Tens of thousands of engineers (audio, vision, linguists etc.) spent millions of hours for billions of dollars in the past 30 years to invent algorithms that reliably tell us something about a bunch of data. For example, an corner feature algorithm (such as SIFT) can extract the locations of corners in an image and characterize them. This is essential to many kinds of information processing tasks because we want to apply the same algorithm to different data (generalization), so we kind of need an interface to the data. This interface is called a feature (or feature algorithm, feature extractor or feature-descriptor).
All of this work (some of these papers have on the order of ten thousands of citations) is now obsolete because you can start with a random initialization of the weights of a neural network and iteratively improve the weights using backprop for any kind of task. All you need a measure of improvement that is relatively smooth and differentiable with respect to the network weights. What is surprising is that the circuits and programs within reach of backprop training of fully connected neural networks are actually astonishingly good at what they do.
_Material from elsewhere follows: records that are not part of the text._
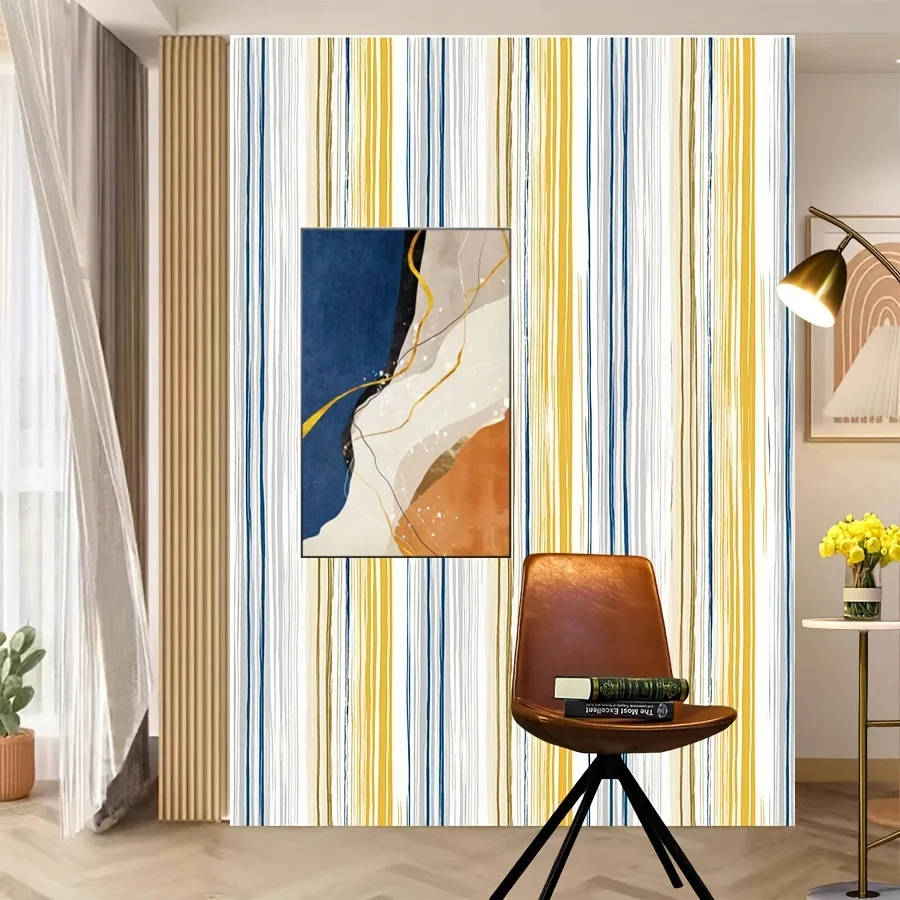 

1 Roll Easy Peel and Stick Wallpaper, Suitable for Kitchen, Bedroom, Bathroom Removable Vinyl Decorative Self-adhesive Wallpaper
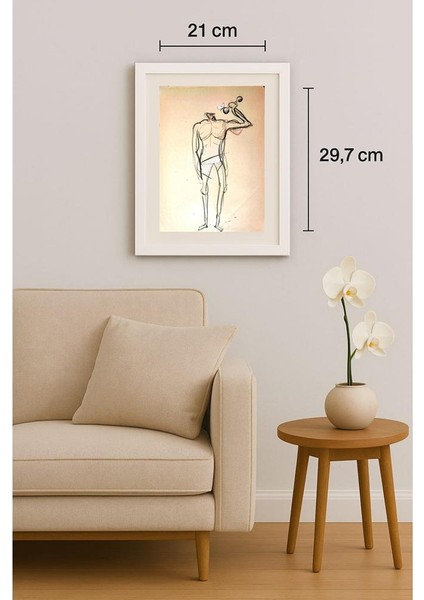 Mohsen Divandari 29X21CM Orijinal Karikatür Tablo indirimleri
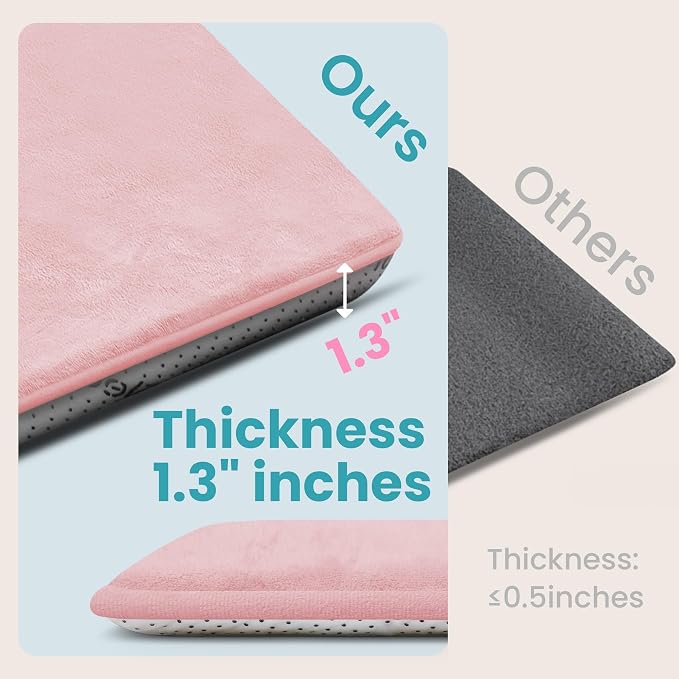 Huloo Sleep Baby Play Mat for Floor,50"×65" Playpen Mat for Toddler,Infant,Kids,1.3" Thick Elasti Foam Non-Slip Nursery Rug,Water Repellent Soft Padded Floor Mats for Tummy Time,Crawling(Pink)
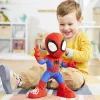 Marvel Spidey and His Amazing Friends Dance 'N Crawl Spidey, peluche interativo com música e sons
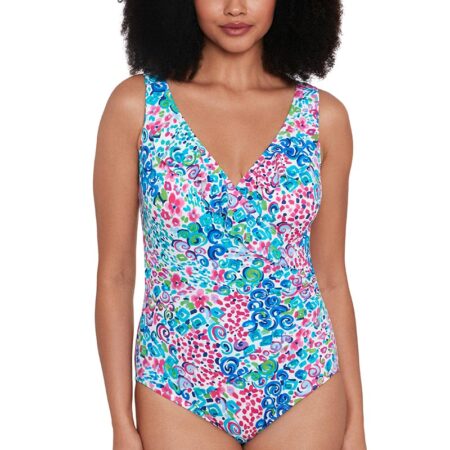 Fanciful Ruffle Front One Piece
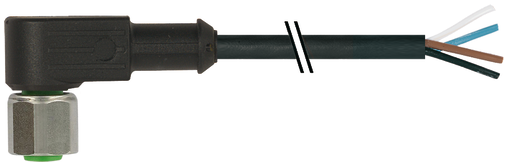 M12 male recept. A-cod. rear V2A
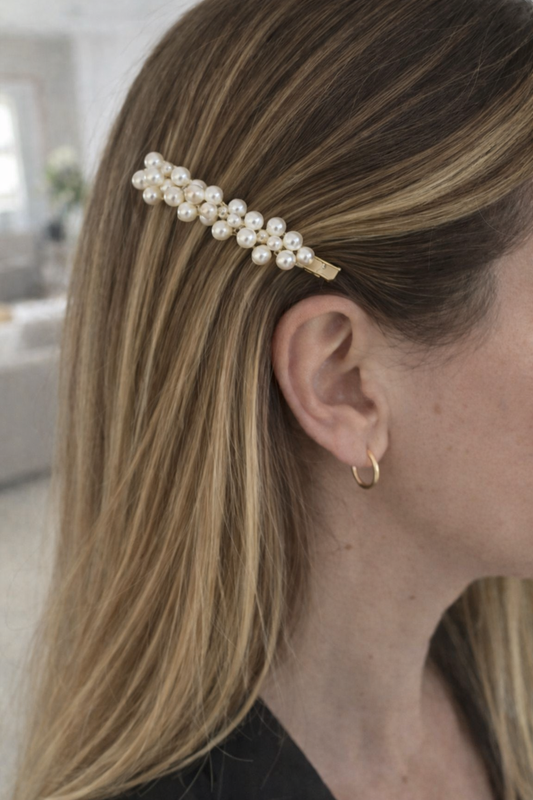 Barrette Perles Florales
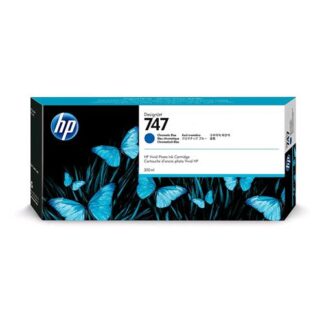HP 747 CARTUCCIA INK-JET 300 ML BLU CROMATICO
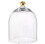 Tablesugar N6520 Glass Cloche with Gold Knob - Small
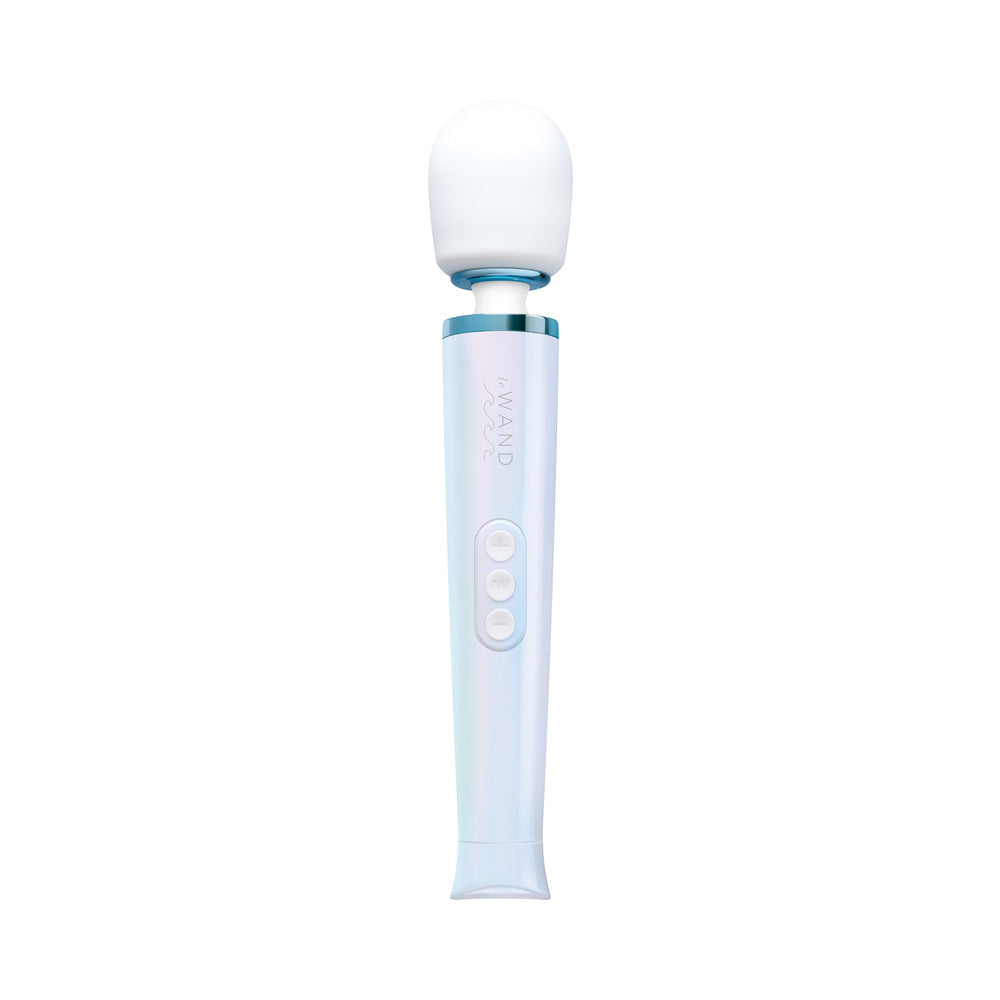 Le Wand Dive Submersible Vibrating Massager Seashell in sleek design with ergonomic handle.
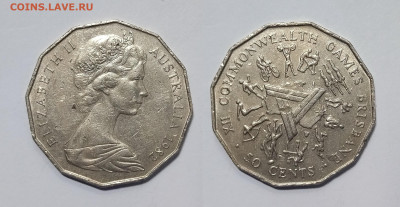 Австралия 50 центов 1982 года, XII Игры Содружества - 10.01 - IMG_20240106_171134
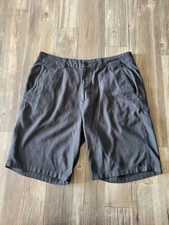 O'Neill Shorts Men  s 34 Black Flat Front Active Modern Fit Outdoor Golf Chino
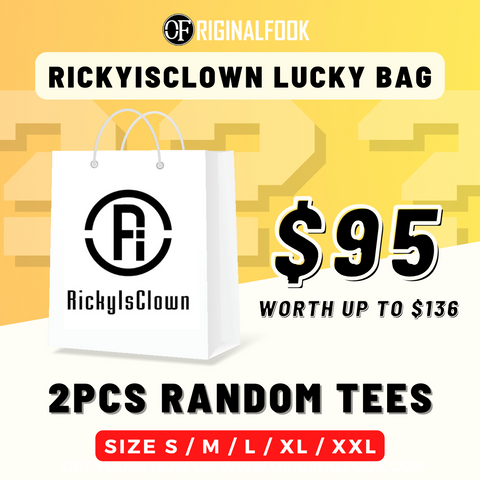 Rickyisclown [RIC] Smiley Face Tee Black [R8210913d-N7]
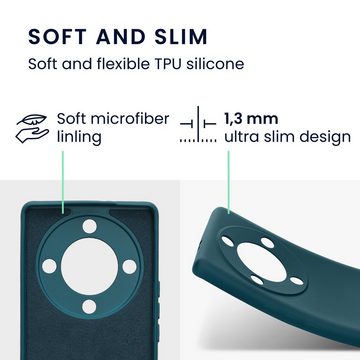kwmobile Handyhülle Slim Case für Honor Magic5 Lite 5G, Hülle Silikon Handy - Handyhülle gummiert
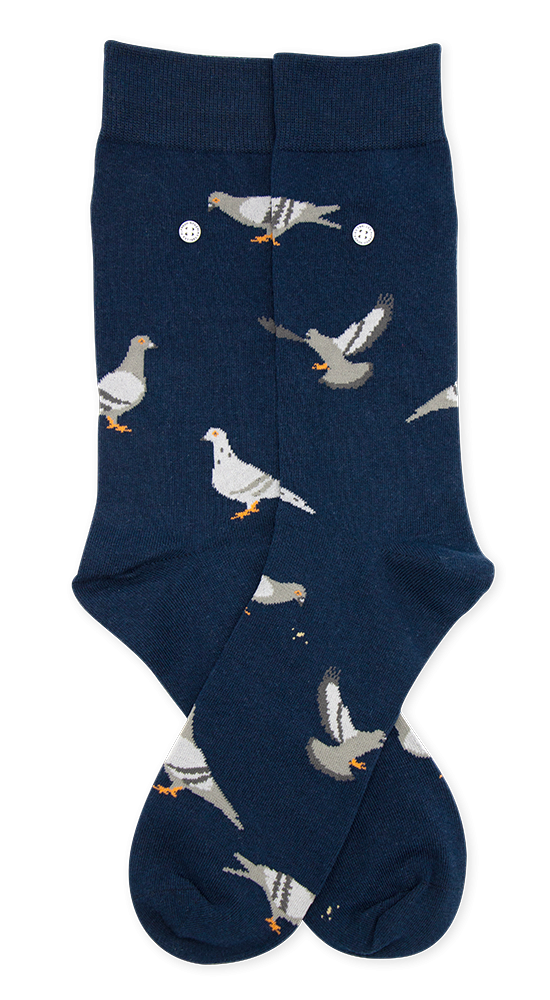 Pigeons Sock AG-SK-PIG-01 109 Navy
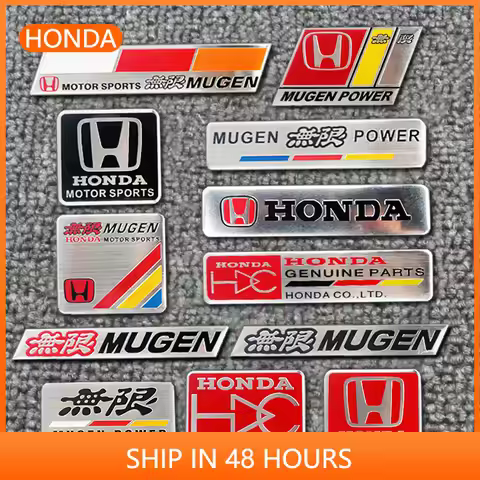 Car Logo Aluminum Label Stickers Decorative Accessories For Honda Civic Fit Accord City Vezel CR-V S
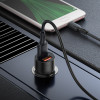 Автомобільний зарядний пристрій BOROFONE BZ19B Wisdom 36W dual port QC3.0 car charger set(Micro) Black - изображение 3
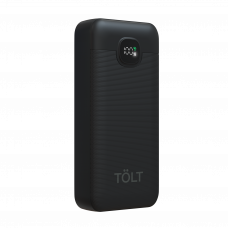 Портативный аккумулятор TOLT Stor SR-LC20B, 20000mAh, 22,5W, fast charging and PD, black Powerbank TOLT Stor SR-LC20B, 20000mAh, 22,5W, fast charging and PD, black TÖLT TOLT SR-LC20B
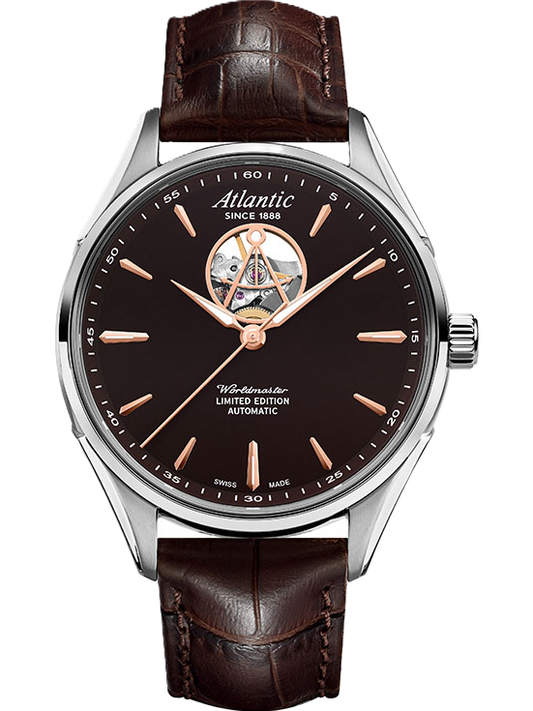 Atlantic Worldmaster Automatik Open Heart Limited Edition – Schokolade (42 mm)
But ultimately, this is maybe not so surprising given that our brains do something similar all the time.
>All of this work (some of these papers have on the order of ten thousands of citations) is now obsolete because you can start with a random initialization of the weights of a neural network and iteratively improve the weights using backprop for any kind of task
Hardly correct. You can't magically learn any kind of task. You can't add arbitrary number of layers and hope for the back prop to do its magic. It is difficult. Deep learning techniques are what makes it somewhat feasible.
SIFT is not obsolete because of NNs. They all have their pros and cons. You have to select the right tool for the job. BTW SIFT is not an edge detector (That's the Canny Transform). It describes images using salient features in scale invariant manner.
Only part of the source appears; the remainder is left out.